Literature. – Successful deployment of traps depends on many factors - such as the total number of birds, availability of food outside of the trap, and the birds' behaviour (i.e. wariness of traps, Nelson 1990b). Shake (1968) found that attempts to trap red-winged blackbirds near corn fields were ineffective because the population of birds was high in comparison to the number of birds that physically could be trapped. However, Mott (1978) reported that a small population of green-backed herons was captured by mist nets at a fish farm and released 40 km from the capture site. The birds did not return. Trapping was effective at controlling pigeons that roosted on the roofs of buildings and in city parks (Truman 1961). Birds that are hazardous to aircraft, such as hawks and owls, are sometimes trapped at airports and released in areas of suitable habitat distant from the airport (e.g. Hughes 1967; Wernaart and McIlveen 1989). It is important to release the birds far enough away and in suitable habitat; otherwise, many of them are likely to return to the trapping area. Moving traps to new locations every two days will increase the number of birds caught. In agricultural situations it is recommended to place traps in an area before birds arrive.
Evaluation. – Catching and moving birds can be time consuming, depending on the species and situation. Building traps can be expensive, especially if large numbers are needed. Complex traps may require considerable manpower and time to set up and maintain. Trapping in general, whether to kill or to move birds, is a short-term solution to an immediate problem.
Recommendation. – Trapping may be useful in special circumstances, such as for raptors. However, it should be noted that removal of experienced resident raptors may lead to their replacement by naive birds that are not experienced with airports and aircraft.
Literature Reviewed. – Beg 1990; Clark 1976; Davidson 1968; Draulans 1987; Fitzwater 1978; Hardman 1974; Hussain 1990; Jarvis 1985; LGL Ltd. 1987; Lucid and Slack 1980; Mott 1978; Nelson 1970, 1990b; Randall 1975; Shake 1968; Truman 1961; Wernaart and McIlveen 1989.
Gulls are responsible for bird hazards to aircraft at and near many airports. Shooting of gulls on airports is of limited effectiveness as a long term deterrent. In the short term, some gulls are removed and others are frightened away, but the dispersed birds soon return or are replaced by other birds (Heighway 1970; Blokpoel 1976; Harrison 1986). Shooting of gulls, however, is a useful control technique when used to increase the effectiveness of other scaring techniques such as distress calls, pyrotechnics, and models (Cooke-Smith 1965; Mason 1980; Harrison 1986). Killing should be used sparingly, and usually is limited by a permit required from the Canadian Wildlife Service. The occasional killing of gulls is an integral part of many control programs at landfills and airfields.

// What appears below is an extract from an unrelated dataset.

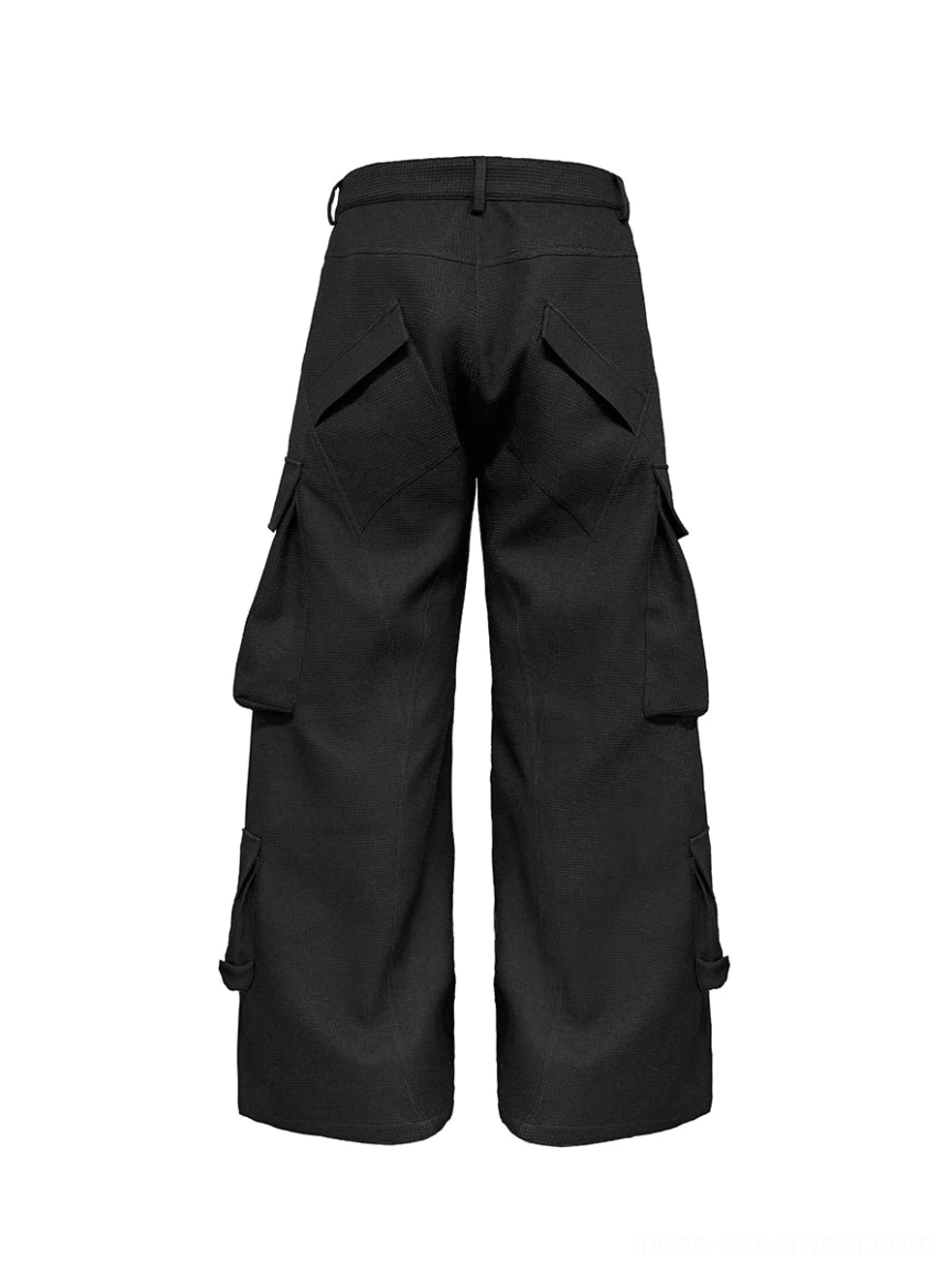 Rear view of black wide-leg cargo trousers with utility flap pockets across the hips and calves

Over 50,000 gulls were shot at John F. Kennedy International Airport between 1991 and 1997 to reduce strikes with aircraft. This was a unique situation in which a colony of several thousand laughing gulls became established in Jamaica Bay adjacent to the airport. The gulls regularly traversed the airfield on route to feeding areas. While the best solution would have been to remove the nesting colony, this was not done because of its location in a National Park. In this situation, shooting was effective at changing the bird's flight patterns to avoid the airfield. The number of aircraft striking laughing gulls declined by 61% in 1991 and 76-89% during 1992- 1997, compared to the mean number of 136 strikes during 1988-1990 (Dolbeer and Bucknall 1997). However, the numbers of birds killed would not be allowed on a routine basis.

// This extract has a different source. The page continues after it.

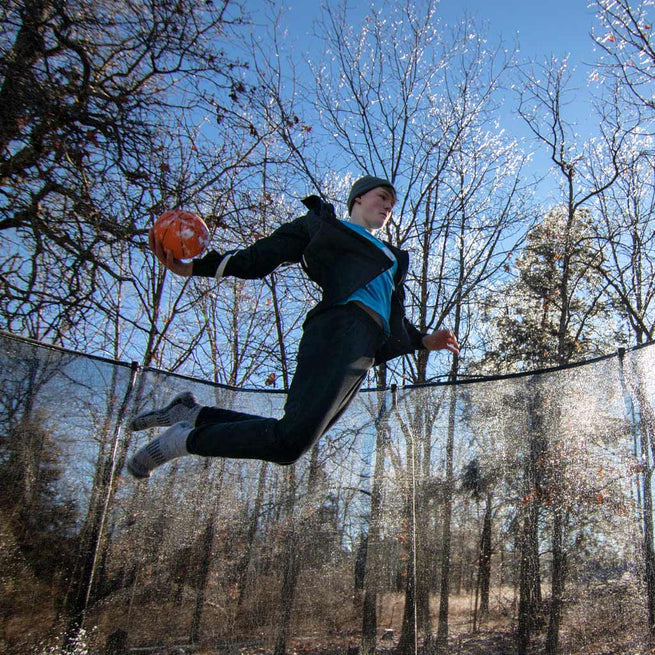 Boy jumping on ACON trampoline with basketball in hand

Recommendation. – Selective shooting is recommended as a component of airport bird control programs.
Water cannons and sprinkler systems, using water or water with wetting agents (surfactants), are sometimes employed to control "pest" birds (Harke 1968; Smith 1970; Lustick 1976; Glahn et al. 1991). Water spray has been used as a lethal control method to prevent birds from roosting in urban and agricultural areas. Surfactants are sometimes added in order to penetrate feathers. Once the feathers are wet, the body temperature of birds drops and, if the weather is cold, they may die. Spear (1966) suggests that a sprinkler or water spray system is useful as a method of keeping birds away from waterways.

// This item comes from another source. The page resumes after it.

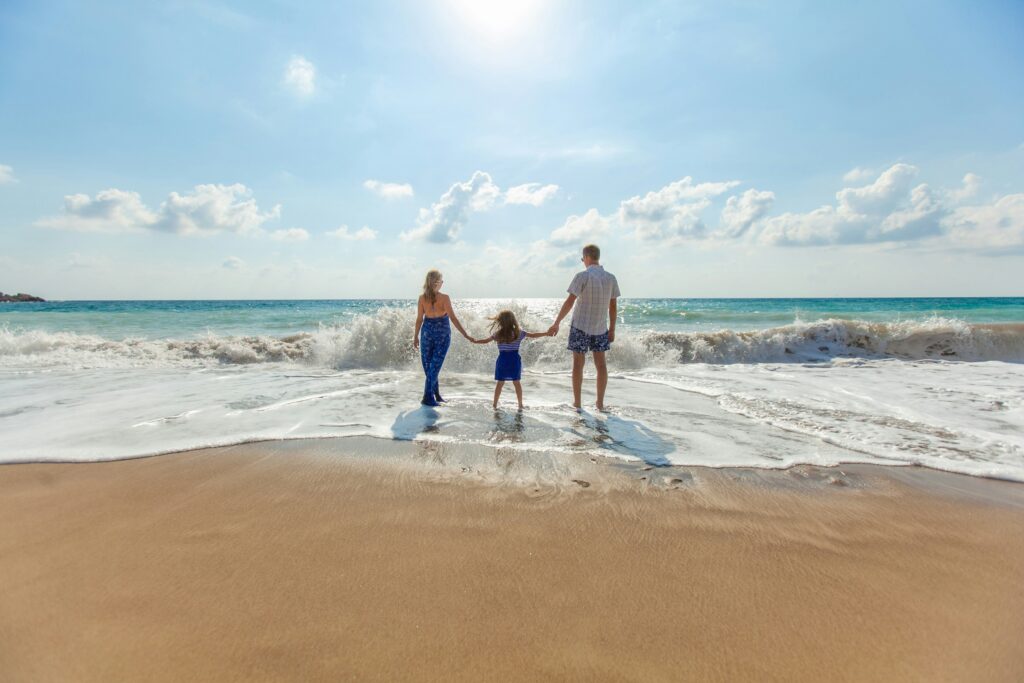 A couple with their child standing in the surf of a St John beach.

The surfactant PA-14 was used widely for the control of blackbird and starling roosts between 1974 and 1992. Over this period an estimated 38.2 million blackbirds and starlings were killed through the application of PA-14 (Dolbeer et al. 1997). PA-14 did solve local roost problems, but Dolbeer et al. (1997) found no evidence (using North American Breeding Bird Survey data) that PA-14 applications caused declines in regional breeding populations of these species.
Recommendation. – Water spray, with or without surfactants, is recommended as a lethal control method or to disperse roosts birds. Water spray could also be used for short term dispersal of loafing flocks but it would be easier to use pyrotechnics.